A study published recently in the journal Science Advances warns that marshes in the Mississippi Delta are likely to be submerged by sea-level rise within the current context of climate change. The study uses sediment data from the last thirty years to monitor sea-level rise over the past 8,500 years, documenting the longest-known marsh record in the Delta.
"Previous investigations have suggested that marshes can keep up with rates of sea-level rise as high as half an inch per year (10 mm/yr), but those studies were based on observations over very short time windows, typically a few decades or less," said lead author Torbjörn Törnqvist, who is the Vokes Geology Professor in the Tulane Department of Earth and Environmental Sciences.
"We have taken a much longer view by examining marsh response more than 7,000 years ago when global rates of sea-level rise were very rapid but within the range of what is expected later this century."

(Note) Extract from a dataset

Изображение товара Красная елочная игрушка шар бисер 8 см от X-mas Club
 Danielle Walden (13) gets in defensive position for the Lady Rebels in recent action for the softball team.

This long-view showed the researchers that, contrary to previous estimates, once the rate of sea-level rise exceeds about one-tenth of an inch per year (3 mm/yr), marshes in the Mississippi delta “drown” in a few hundred years. But when that rate increases to a quarter of an inch per year (7.5 mm/yr), marshes drown in about fifty years. Törnqvist refers to this phenomenon as a tipping point for coastal marshes.
"The scary thing is that the present-day rate of global sea-level rise, due to climate change, has already exceeded the initial tipping point for marsh drowning," Törnqvist said. "And as things stand right now, the rate of sea-level rise will continue to accelerate and put us on track for marshes to disappear even faster in the future."
The findings from the study estimate that the remaining 15,000 square kilometers of marshland in coastal Louisiana will “inevitably drown,” although pinpointing when exactly is challenging because of varying topography in the delta. Over the past century, 5,000 square kilometers of wetlands in coastal Louisiana have already been lost.
Despite this grim news, Törnqvist says curbing greenhouse gases and implementing major river diversions could be meaningful actions in order to prevent the worst possible outcomes. Though to be effective, both require fast action.